** Excerpted data follows **
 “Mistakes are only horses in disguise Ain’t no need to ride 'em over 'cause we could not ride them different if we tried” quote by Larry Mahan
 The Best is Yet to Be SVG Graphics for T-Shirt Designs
** End of Excerpted data **
** Excerpted data follows **
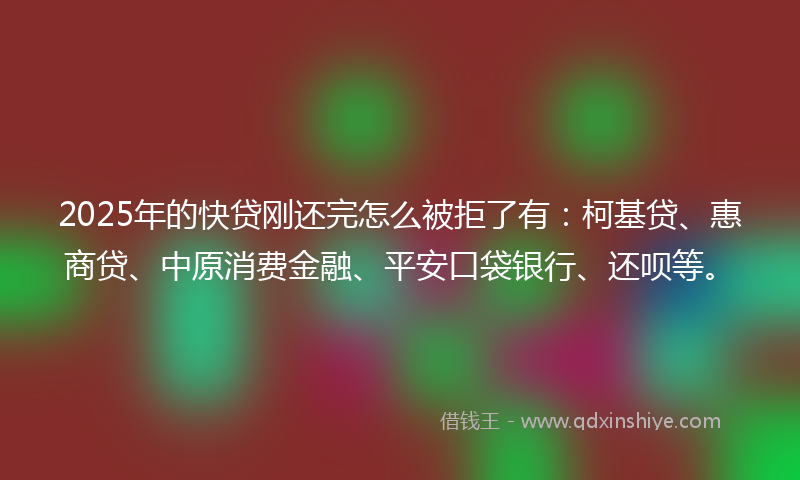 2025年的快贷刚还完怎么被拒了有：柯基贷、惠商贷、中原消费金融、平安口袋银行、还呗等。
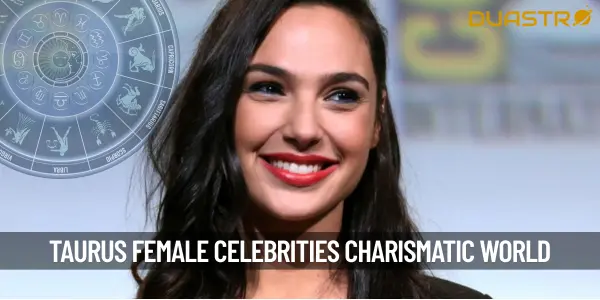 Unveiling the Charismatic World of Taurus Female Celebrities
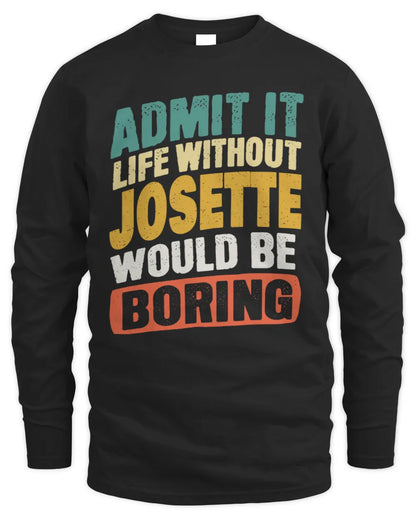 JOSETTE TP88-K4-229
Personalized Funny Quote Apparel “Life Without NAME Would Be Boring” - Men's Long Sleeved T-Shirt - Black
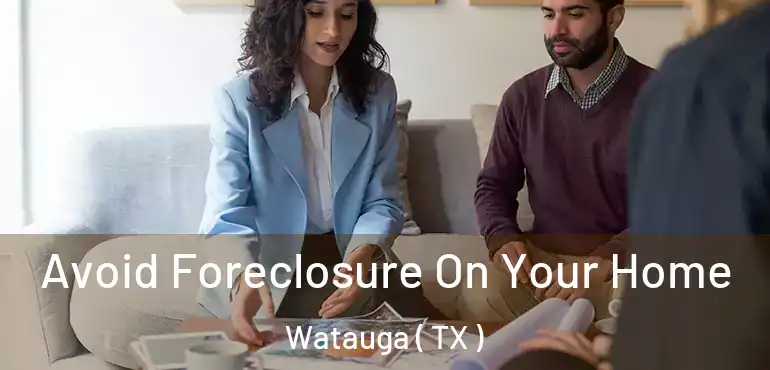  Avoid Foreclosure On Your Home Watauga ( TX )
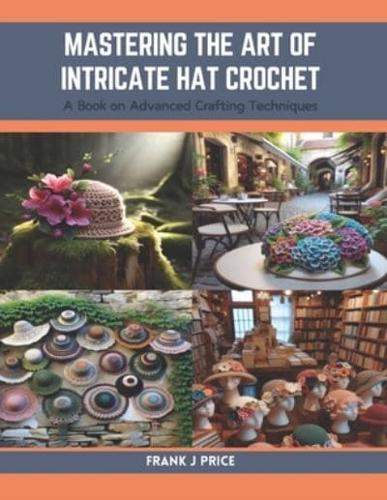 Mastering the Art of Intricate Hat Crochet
** End of Excerpted data **
** Excerpted data follows **
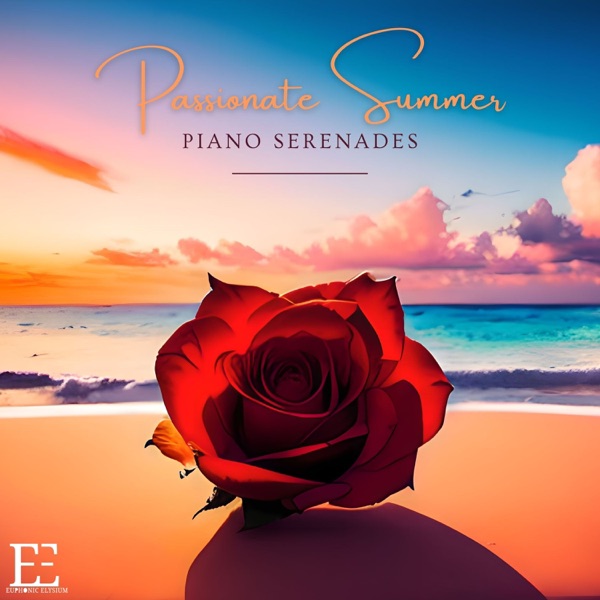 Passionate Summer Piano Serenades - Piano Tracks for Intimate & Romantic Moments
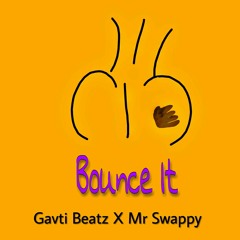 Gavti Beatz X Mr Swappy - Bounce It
** End of Excerpted data **
§ **Activity**: Output only the stretch above from the line with "Avoid Foreclosure On" through the line with "Mastering the Art of Intricate Hat Crochet", reproduced exactly. Exclude pictures.

§ **The answer**:
  Avoid Foreclosure On Your Home Watauga ( TX )
 Mastering the Art of Intricate Hat Crochet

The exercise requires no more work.